** The records follows **

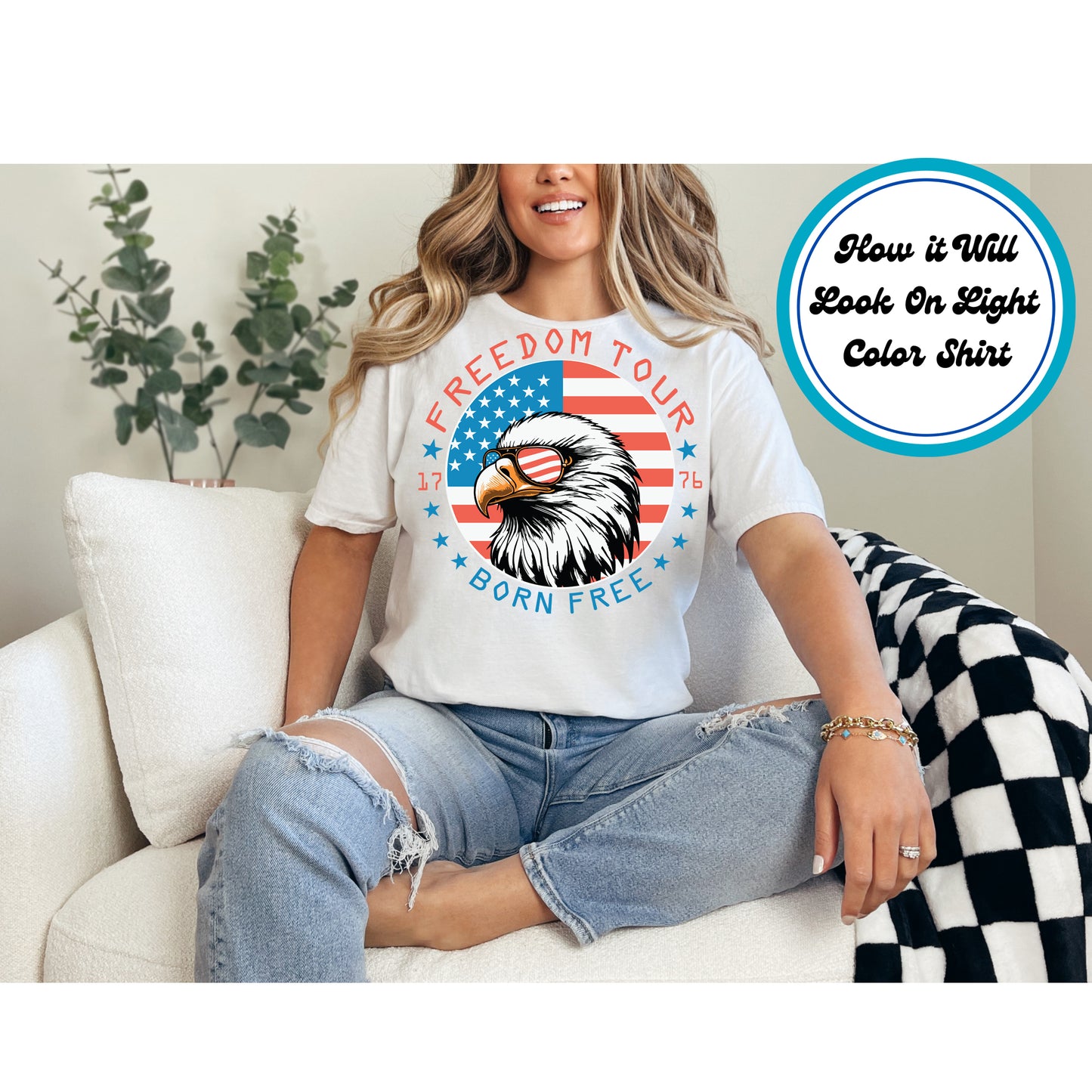 4th Of July DTF Transfer Iron On Heat Transfer - Ready to Press, Freedom Tour Born Free DTF Transfer 8016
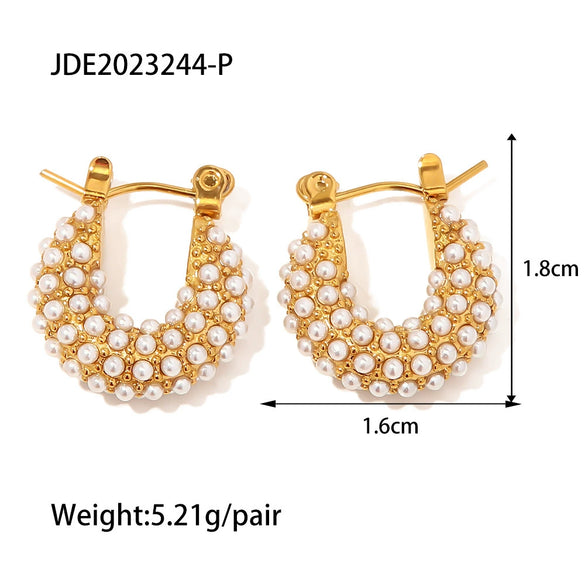 Wholesale All Match Women's Earrings Made Of 18K Gold Plated Stainless Steel With Inlaid Greenwhite Square Zircon And Geometric Design
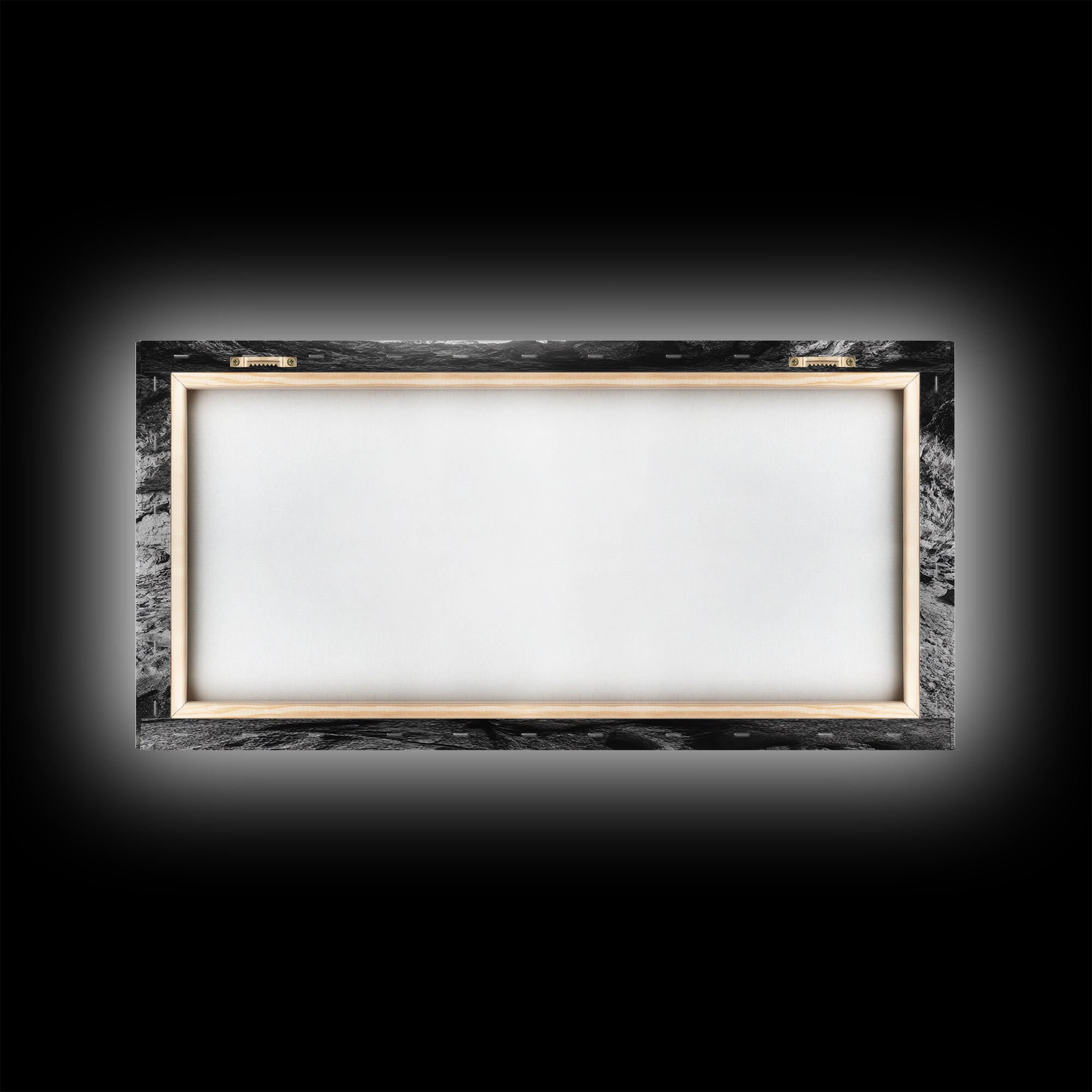 Cave Entrance Lake, Hidden Forest View, Rock Reflection Water, Canvas Print, Hallway Wall Art, Adventure Wilderness Decor, Minimalist Style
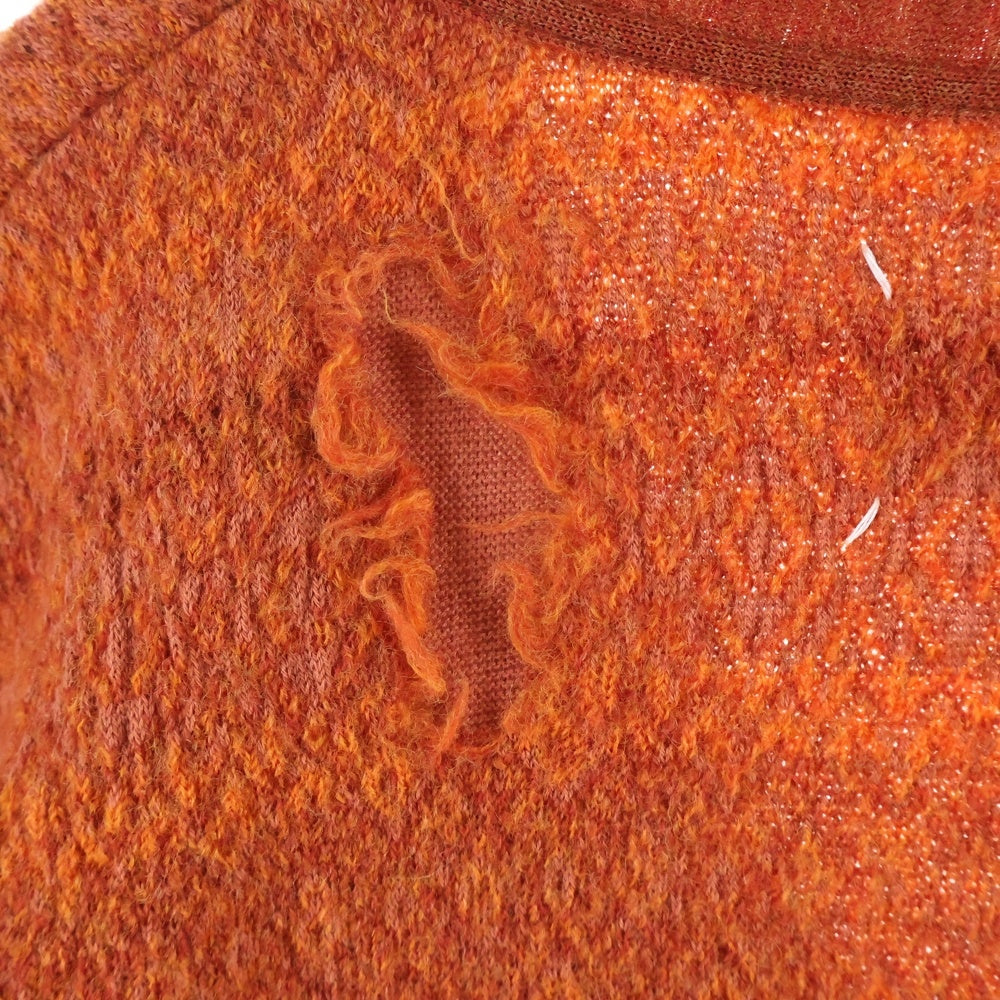 Maison Margiela(メゾンマルジェラ) 22SS INTERSIA V NECK CARDIGAN インターシャ ブイネック カーディガン オレンジ S51HA1181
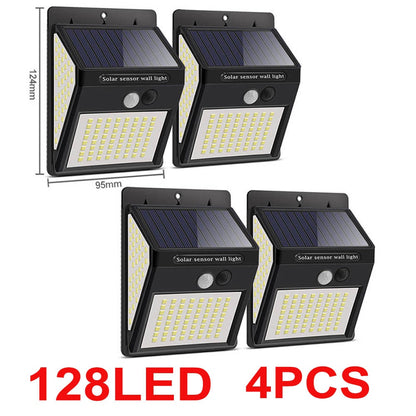 Solar sensor wall light 128LED 4PCS Wall Iight Solar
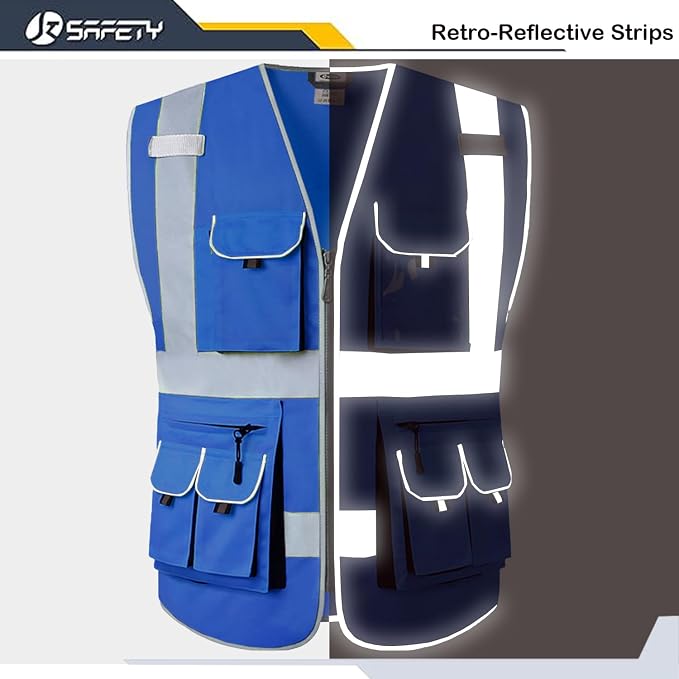 JKSafety 10 Pockets Blue Color Safety Vest Zipper Front - Image 2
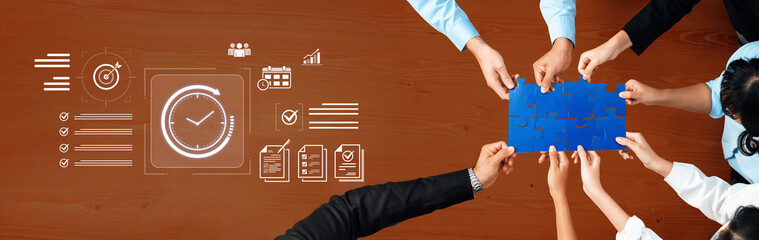 Concept of time management and productivity. Using tools like calendars and checklists to schedule...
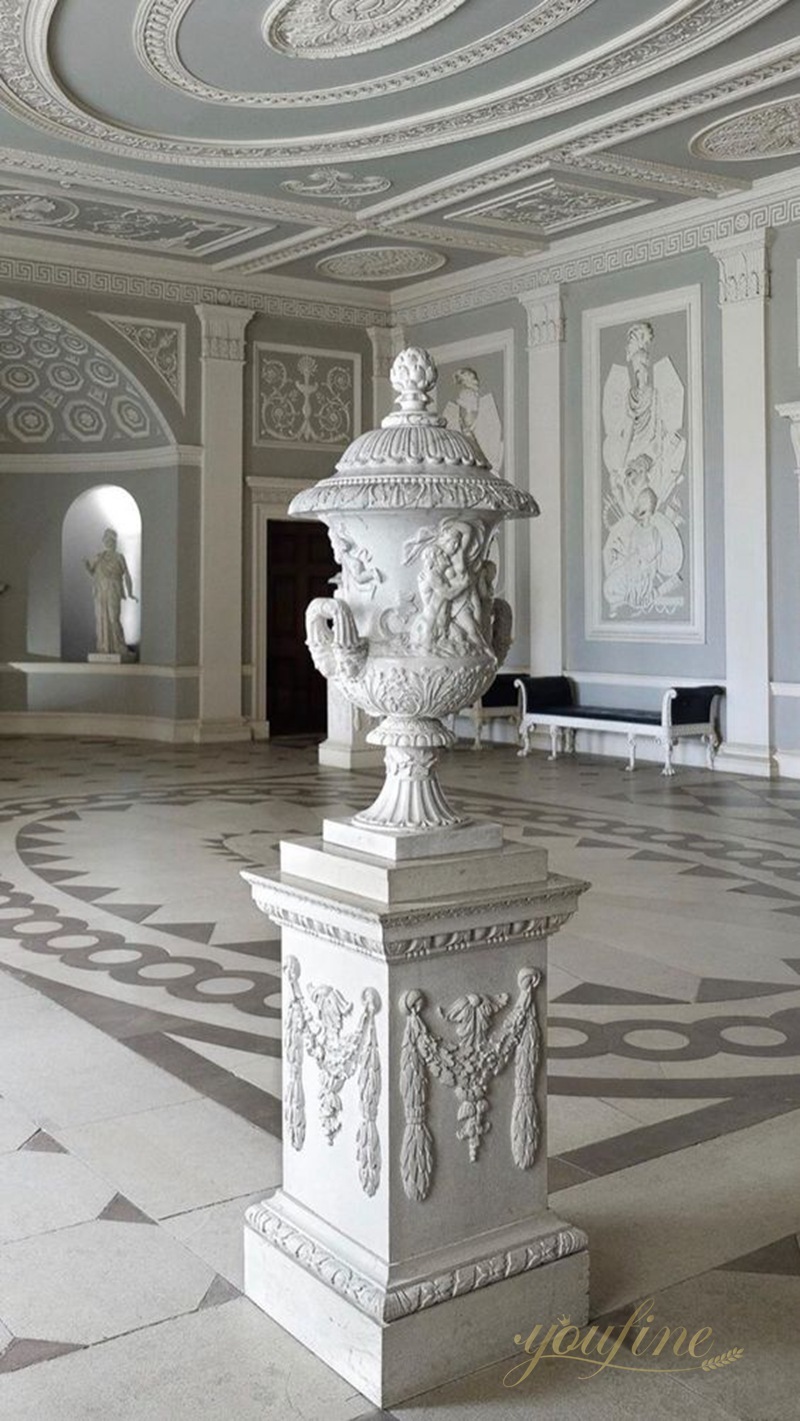 Hand Carved Natural Marble Urn Planter for Sale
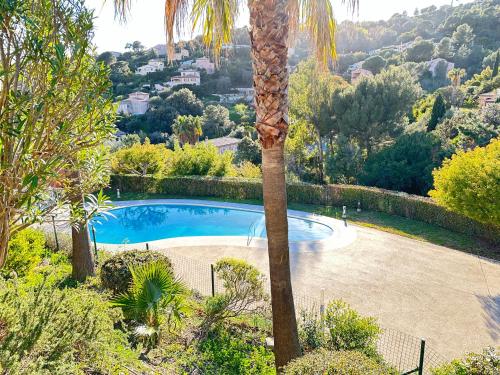 un palmier à côté d'une piscine dans l'établissement Jolie maison, 3 chambres, jardin, piscine partagée, à Roquebrune-sur Argens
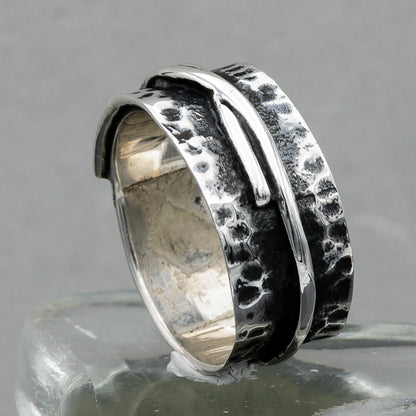 Sterling silver oxidized ring with a wrapped around string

** End of The records **

Aim of the task
The answer is the lines above from the one with "Cave Entrance Lake, Hidden" to the one with "JKSafety 10 Pockets", set down exactly, with no pictures.

Answer space
 Cave Entrance Lake, Hidden Forest View, Rock Reflection Water, Canvas Print, Hallway Wall Art, Adventure Wilderness Decor, Minimalist Style
 Maison Margiela(メゾンマルジェラ) 22SS INTERSIA V NECK CARDIGAN インターシャ ブイネック カーディガン オレンジ S51HA1181
 Solar sensor wall light 128LED 4PCS Wall Iight Solar
 JKSafety 10 Pockets Blue Color Safety Vest Zipper Front - Image 2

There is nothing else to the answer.